Record excerpts
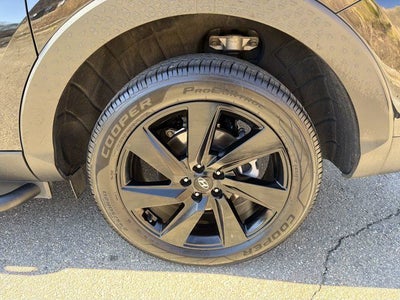 2023 Hyundai Santa Cruz NIGHT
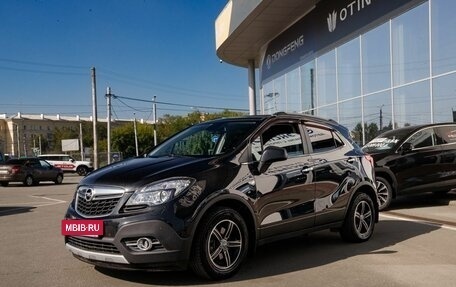 Opel Mokka I, 2013 год, 950 000 рублей, 2 фотография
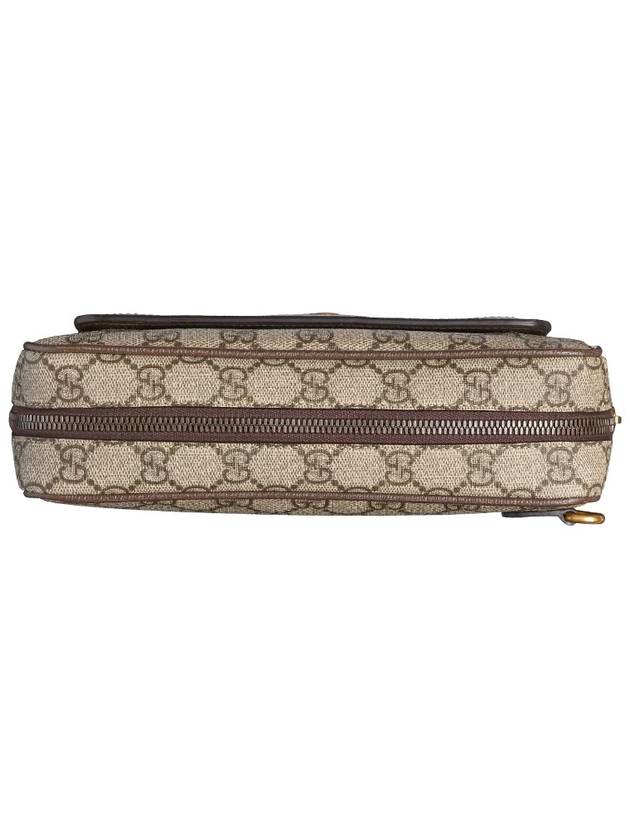 Ophidia GG Pouch Beige - GUCCI - BALAAN 7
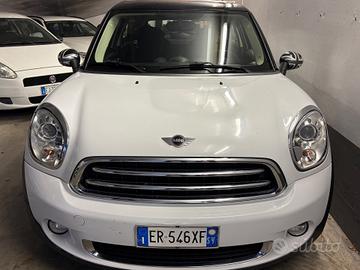 Mini Paceman 1.6d 111cv km 140.000 - 2013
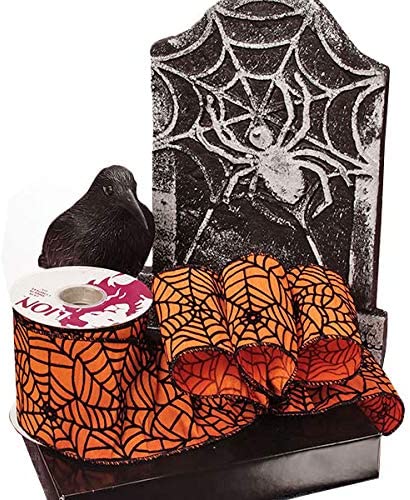 spiderwebs-halloween-ribbon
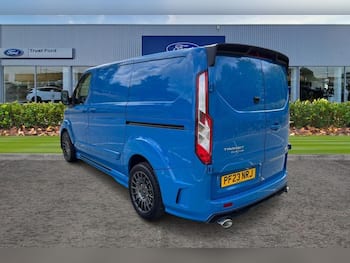 Used Ford Transit Custom 2023 for sale - 79703426: Photo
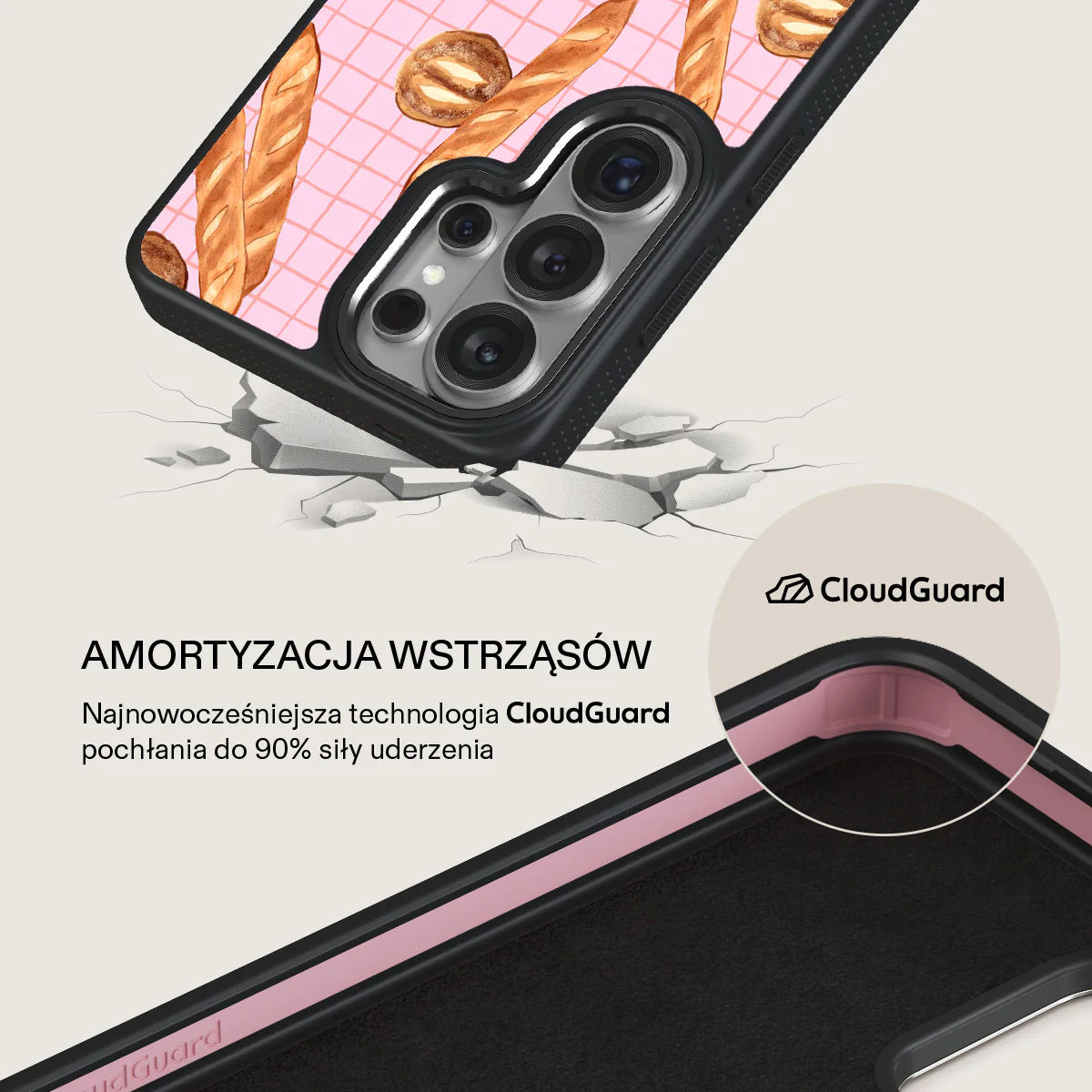 No Crumbs - Samsung Galaxy S26 Ultra Etui - Image 14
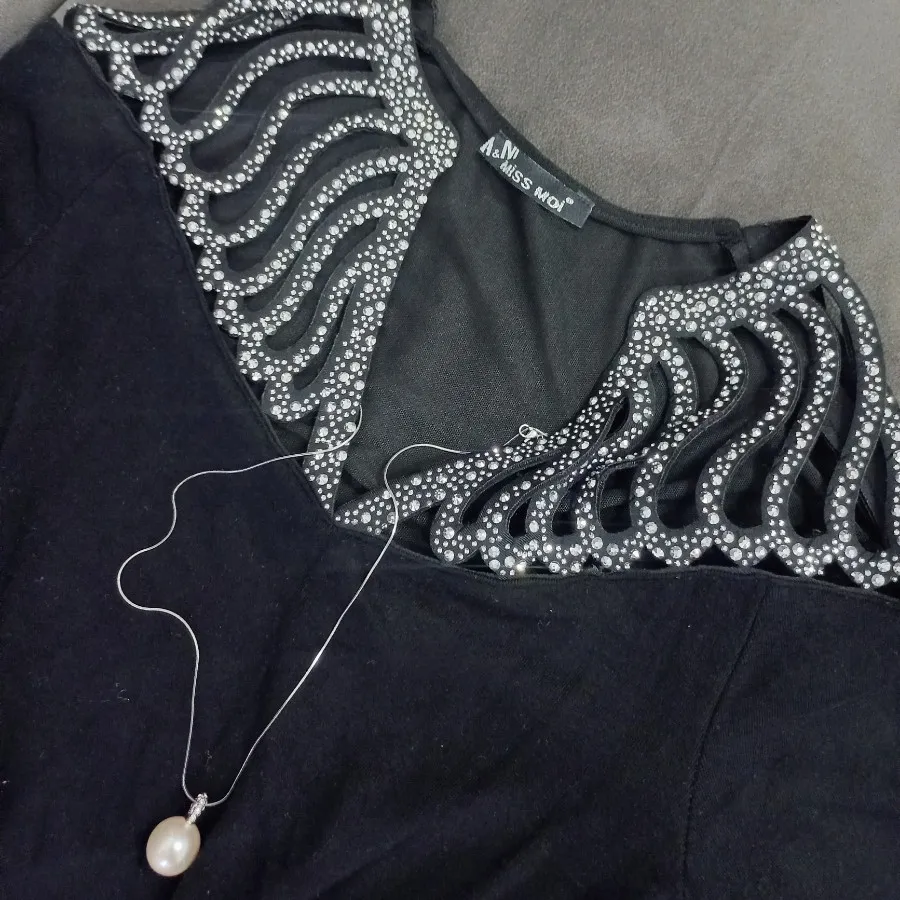 بلوز مجلسی برند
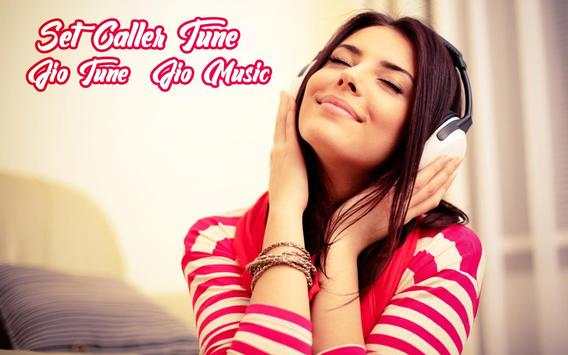 Jio Music - Set Jio Caller Tune 2019 screenshot 1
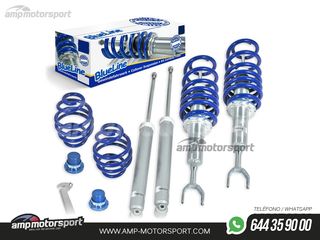 SUSPENSIÓN ROSCADA BLUE LINE PARA AUDI A6 4B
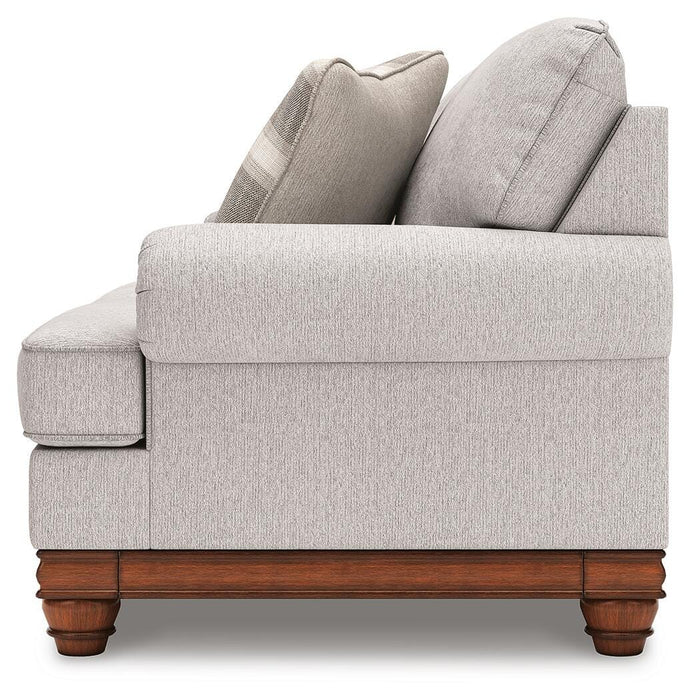 Clearbrooke Loveseat - Furniture Gallery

Directions
Skip the pictures, then retype every line above exactly.

Result below
 2023 Hyundai Santa Cruz NIGHT
 Opel Mokka I, 2013 год, 950 000 рублей, 2 фотография
 Ophidia GG Pouch Beige - GUCCI - BALAAN 7
 Mini Paceman 1.6d 111cv km 140.000 - 2013
 spiderwebs-halloween-ribbon
 Used Ford Transit Custom 2023 for sale - 79703426: Photo
 No Crumbs - Samsung Galaxy S26 Ultra Etui - Image 14
 بلوز مجلسی برند
 Jio Music - Set Jio Caller Tune 2019 screenshot 1
 SUSPENSIÓN ROSCADA BLUE LINE PARA AUDI A6 4B
 Clearbrooke Loveseat - Furniture Gallery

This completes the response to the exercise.